The “global hunt for yield” – a 30-year storyAugust 5, 2014 / By
The Global Financial Crisis (GFC) has ushered in a period of historically low interest rates. This is good news for borrowers and users of capital. It’s not such good news for investors and savers. The result has been a “global hunt for yield”, which sees investors scanning financial and asset markets for income-generating opportunities.
It’s a nice parable. But like many parables, reality is a bit more complex.
Consider the chart.
Based on International Monetary Fund (IMF) calculations real (inflation) adjusted sovereign bond rates have been falling for more than thirty years. Admittedly the GFC shows up as a sharp dip in real bond yields in 2008. But it’s just a part of a much longer story that tells of a generation-long decline in real long term bond rates. In contrast, prime yields averaged across a sample of major office markets have remained remarkably stable, at between 4.50% and 7.50%.
So the global hunt for yield is not simply a post-GFC event. Certainly the low interest rate world that has been ushered in, has added an extra twist to the “global hunt for yield”. But it’s a chapter in a much longer story. And for income-seeking investors, the relative attractiveness of commercial real estate has been rising steadily, not just since the GFC, but for a generation.

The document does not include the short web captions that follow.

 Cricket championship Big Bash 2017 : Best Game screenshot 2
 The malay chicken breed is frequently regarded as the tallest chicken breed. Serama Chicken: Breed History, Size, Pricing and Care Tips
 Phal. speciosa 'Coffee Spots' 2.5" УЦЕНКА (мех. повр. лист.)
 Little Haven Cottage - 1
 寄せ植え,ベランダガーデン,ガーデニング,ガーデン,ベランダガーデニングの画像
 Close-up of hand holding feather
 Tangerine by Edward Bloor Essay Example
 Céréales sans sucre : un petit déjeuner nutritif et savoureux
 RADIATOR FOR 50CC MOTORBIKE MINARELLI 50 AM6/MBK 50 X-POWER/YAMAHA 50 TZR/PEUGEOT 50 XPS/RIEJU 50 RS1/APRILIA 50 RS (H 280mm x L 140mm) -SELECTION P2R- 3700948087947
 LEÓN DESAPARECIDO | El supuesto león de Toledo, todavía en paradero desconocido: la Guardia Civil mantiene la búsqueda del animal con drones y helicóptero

But there is another twist to this story. Falling bond yields mean that bond values have been rising. So the past thirty years has been a bull market for bonds, as a broad global statement. Issuers of long term bonds have had a thirty-year tail wind; and falling bond yields mean that investors in these bonds have had a thirty year ride on rising capital values.
It’s salutary to reflect that most people reading this blog will have spent their business careers in a world where real interest rates (and so, the hurdle rate for investment) have been falling steadily. But policy interest rates in the major economies – the UK, US, Japan and the Eurozone are now at or close to what central bankers call the ZLB – the zero lower bound. And real long term bond rates, which are the effective hurdle rate for commercial real estate investment, are close to zero too.
Is the bond market party over?
A trend is a trend is a trend
But the question is, will it bend?
Will it alter its course through some unforseen force,
And come to a premature end?
Sir Alec Cairncross
Unlike short term central bank nominal policy rates, long term real bond rates can go negative as was the case in the 1970s. And in the US, the UK and Japan this has been the post-GFC experience.
The GFC has certainly given added impetus to the “global hunt for yield”. But it’s not the full story. And if the thirty-year bull market in bonds is now over, it’s possible that investors will be looking for alternative yield investments with low volatility income streams, like commercial real estate, for a long time to come.